* EXERCISE PROMPT *
Output the entries exactly. Start at the first line, finish with the line containing "Vestito con orlo in tulle - giallo chiaro", and omit the pictures.

* AVAILABLE RECORDS *
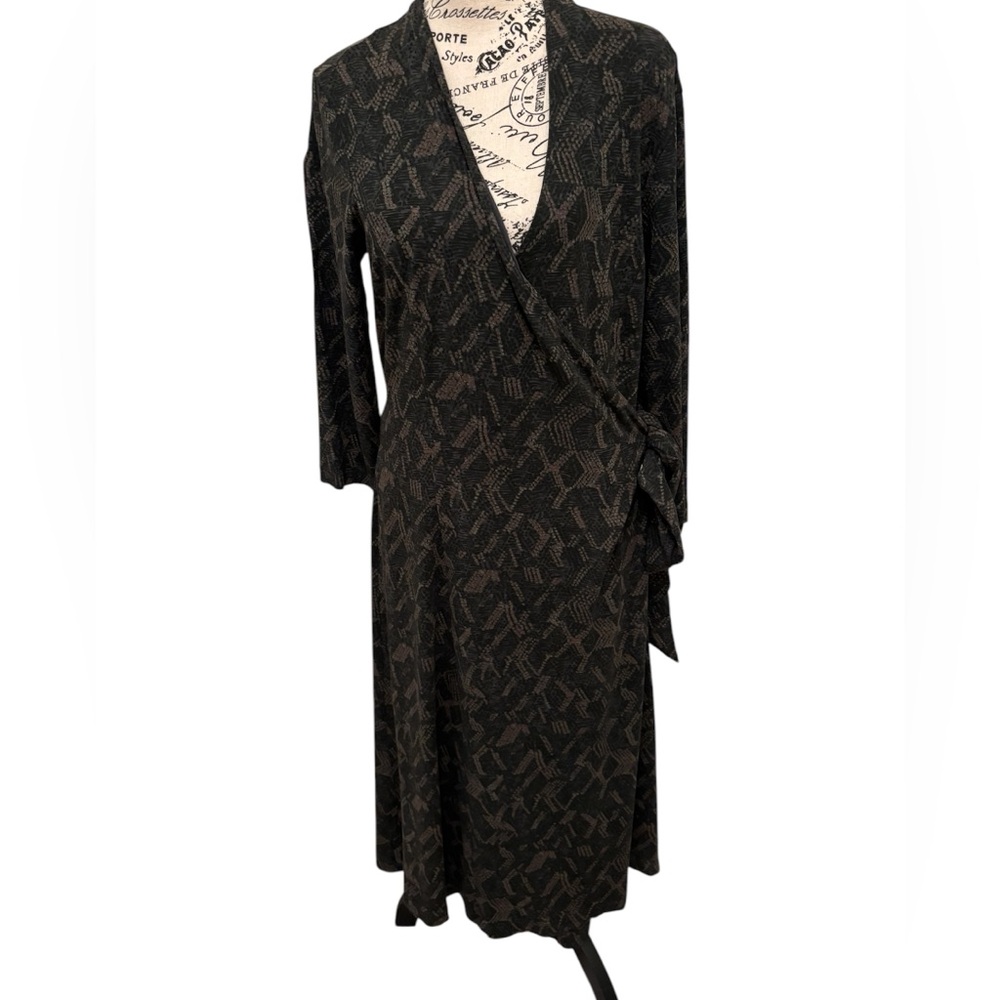J.Jill Size L Knit Stretch Wrap Dress V-Neck Long Sleeve Charcoal Midi Length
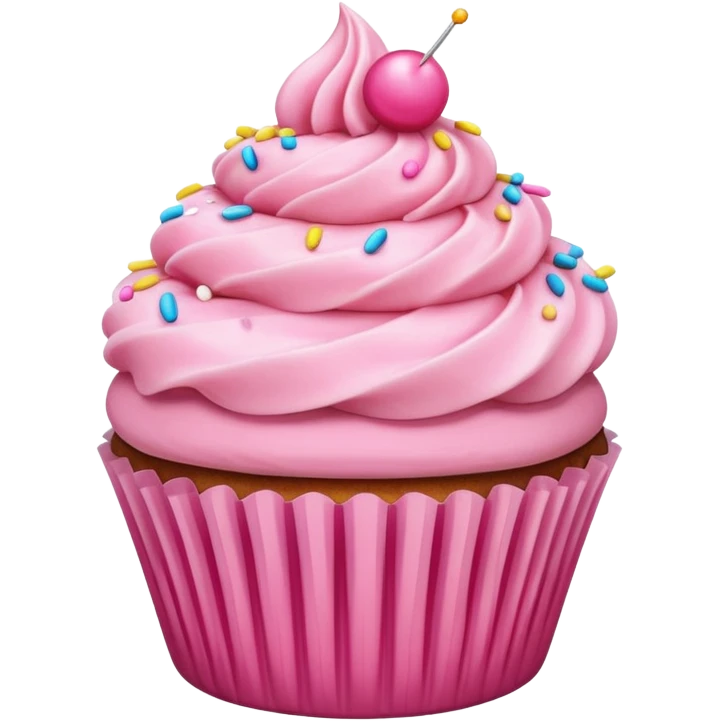 cupcake with pink icing emoji
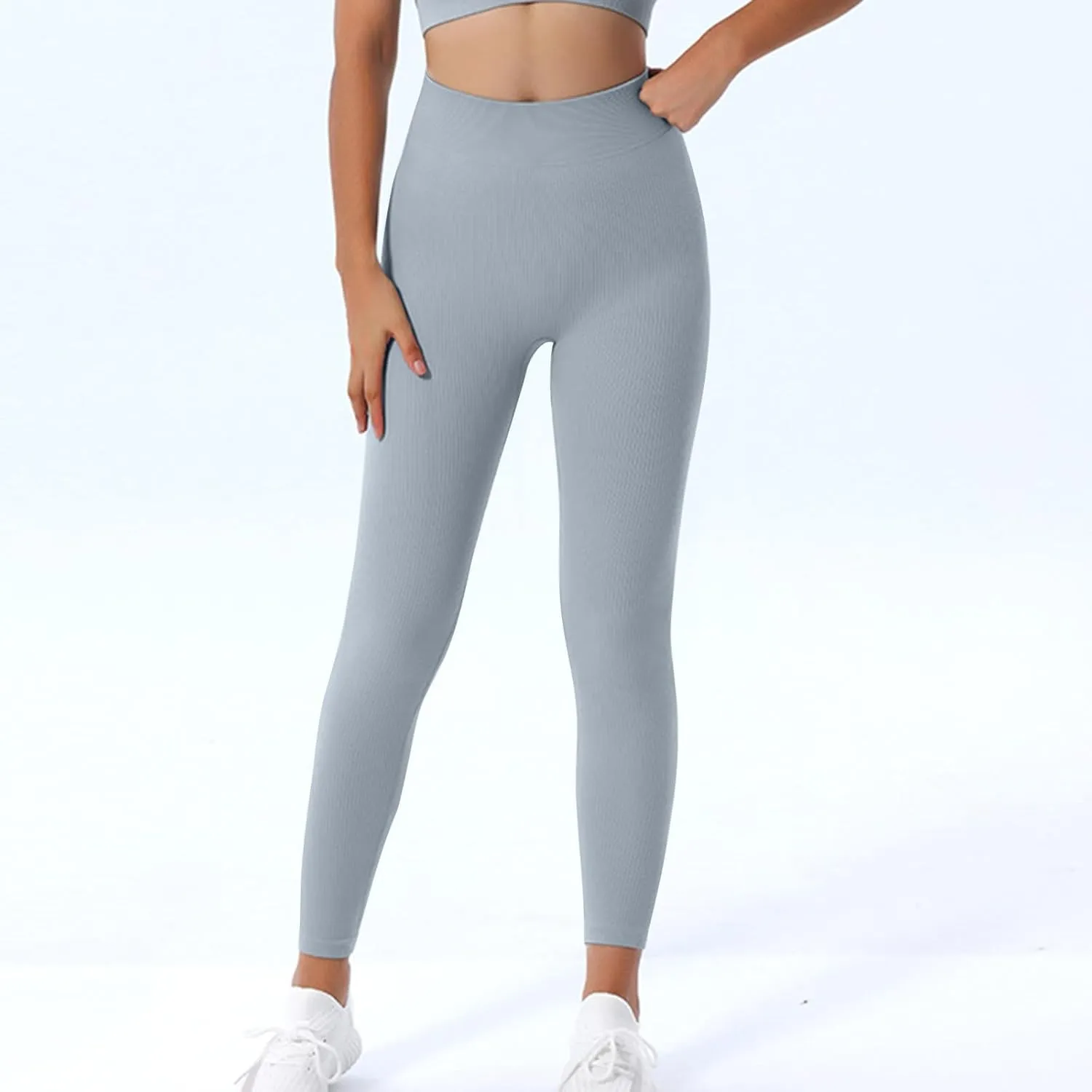 DASAYO Women's Gym Leggings Tummy Control Stretchy High Waisted Ribbed Yoga Pants Full Length Exercise Workout Bottoms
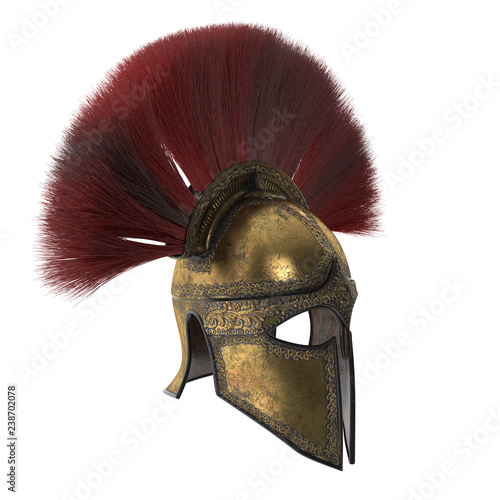Spartan helmet with plumage on an isolated white background. 3d illustration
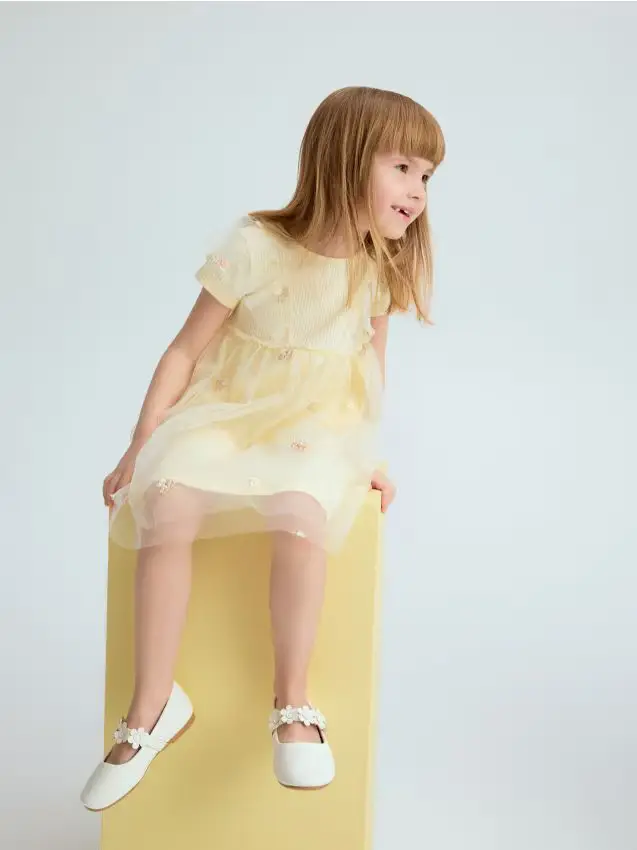 Vestito con orlo in tulle - giallo chiaro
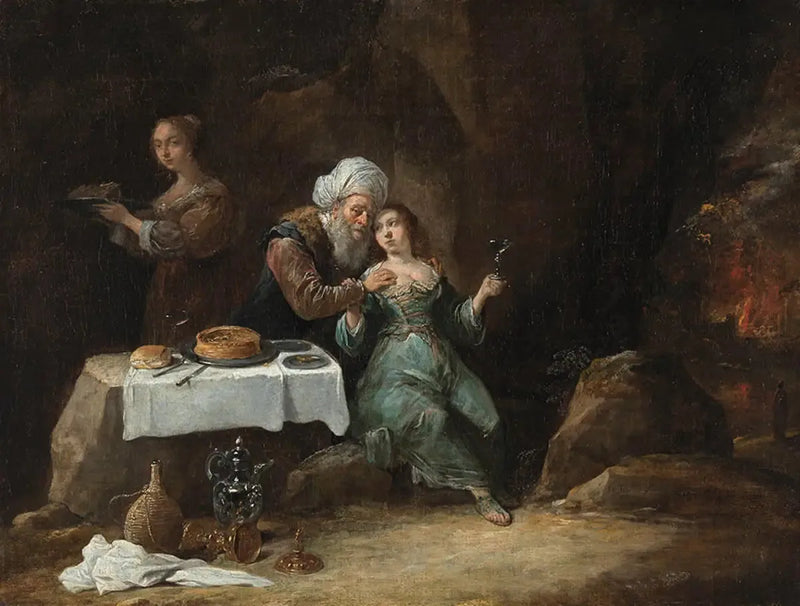 Zatopiona w swoich córkach (Księga Rodzaju 19:33) - David Teniers Młodszy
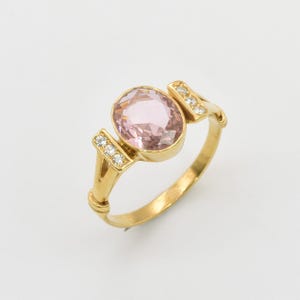 Gold Morganite Ring, Created Morganite, Engagement Ring, Gold Plated Ring, Promise Ring, Pink Diamond Ring, Antique Ring, Gold Vermeil Ring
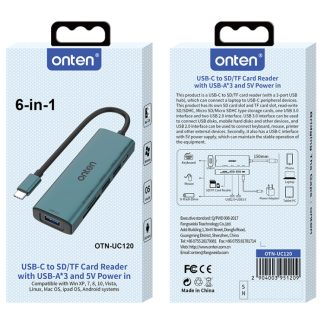 ONTEN 6 in 1 USB-C to SD/TF Card Reader with 3-Port USB Hub (USB 3.0+USB 2.0*2) and Power Supply UC120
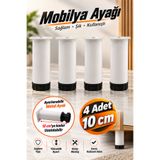 NZB Mobilya Kanepe Baza Koltuk Dolap Metal Yükseltici Destek Ayağı Ayarlanabilir Beyaz Ayak 10 cm 4 Adet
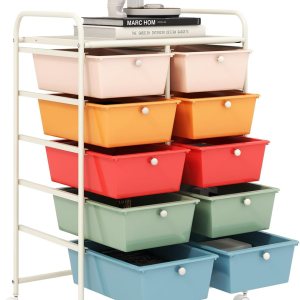 Carrito de almacenamiento con ruedas de 10 cajones, organizador de carrito con ruedas para arte, herramientas, manualidades, papel, álbum de Carrito de almacenamiento con ruedas de 10 cajones, organizador de carrito con ruedas para arte, herramientas, manualidades, papel, álbum de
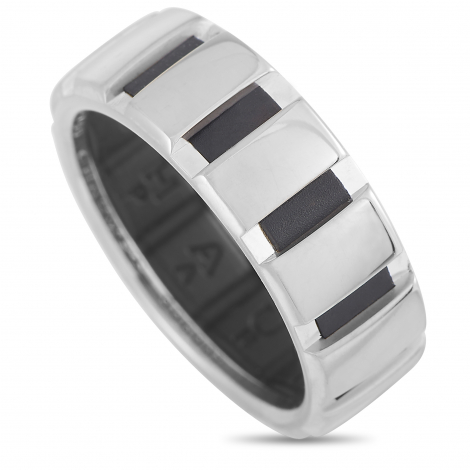 Chaumet 18K White Gold Black Rubber Band Ring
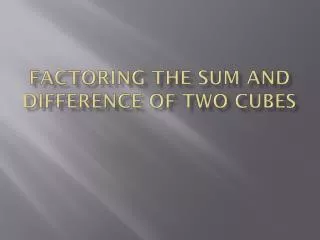 Factoring the sum and difference of two cubes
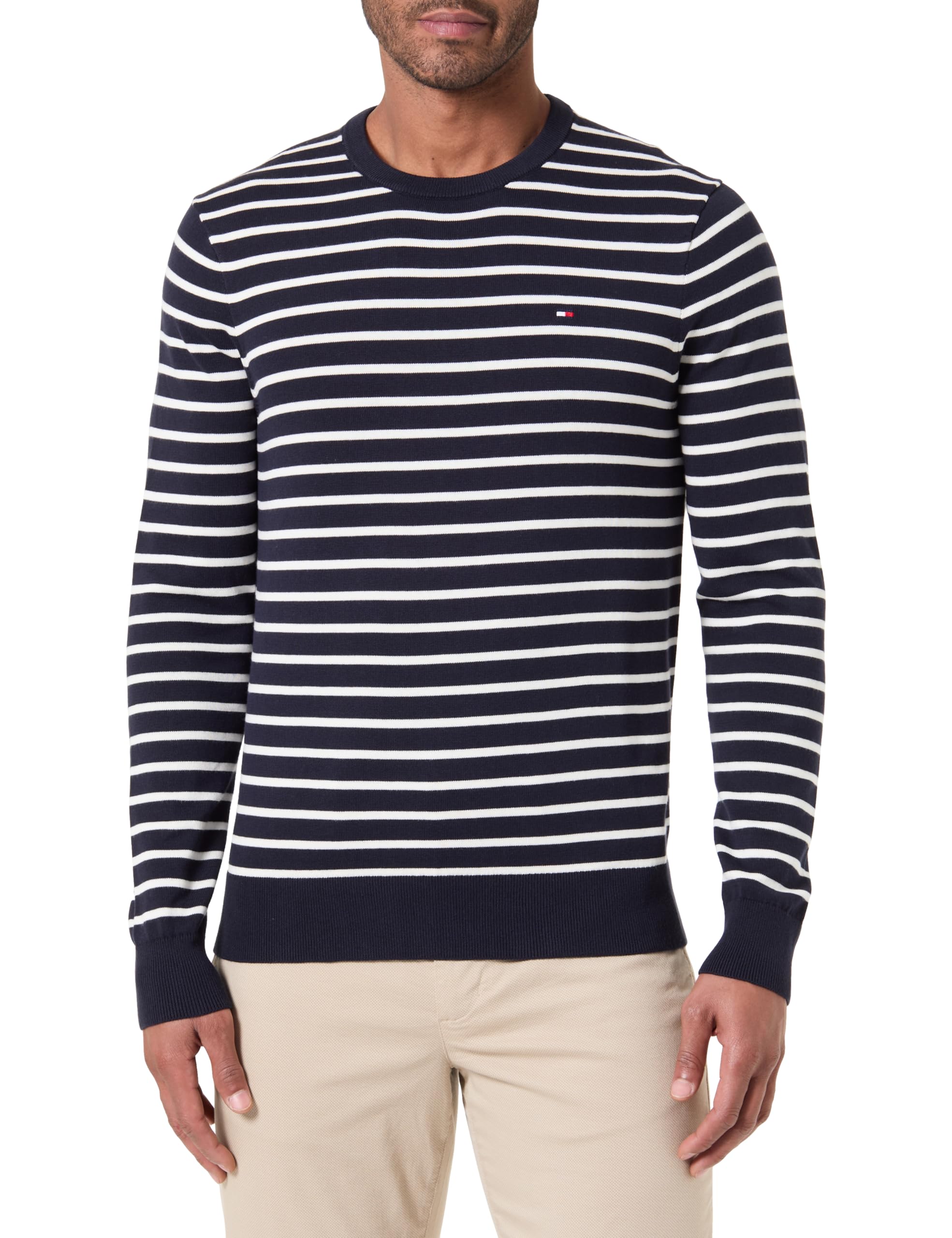 Tommy Hilfiger Men’s Essential Cotton Round Neck Jumper, Multicolor (Desert Sky/Ivory), XS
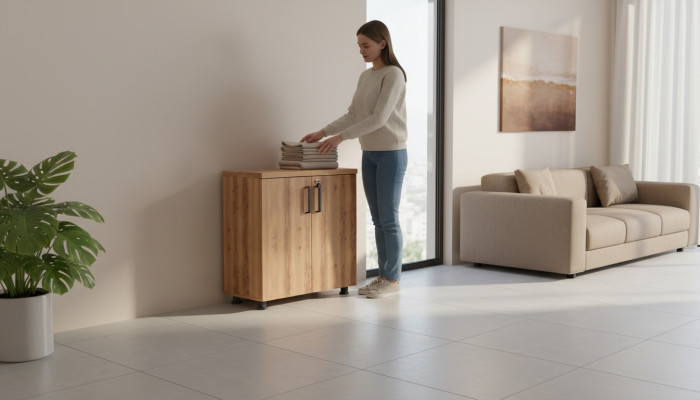 Rectangular filing cabinet with two doors, brown, solid color, study room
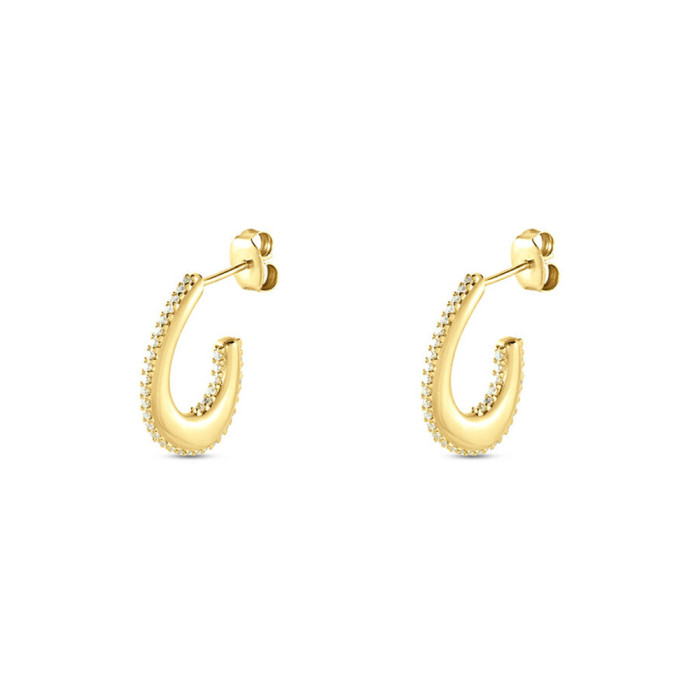 S925 Sterling Silver Personality Geometric Stone-Inlaid Earrings Hoop Fashion Hot Selling Ins Sterling Silver Earri...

* SOLUTION TO THE EXERCISE *
J.Jill Size L Knit Stretch Wrap Dress V-Neck Long Sleeve Charcoal Midi Length
 cupcake with pink icing emoji
 DASAYO Women's Gym Leggings Tummy Control Stretchy High Waisted Ribbed Yoga Pants Full Length Exercise Workout Bottoms
Spartan helmet with plumage on an isolated white background. 3d illustration
 Vestito con orlo in tulle - giallo chiaro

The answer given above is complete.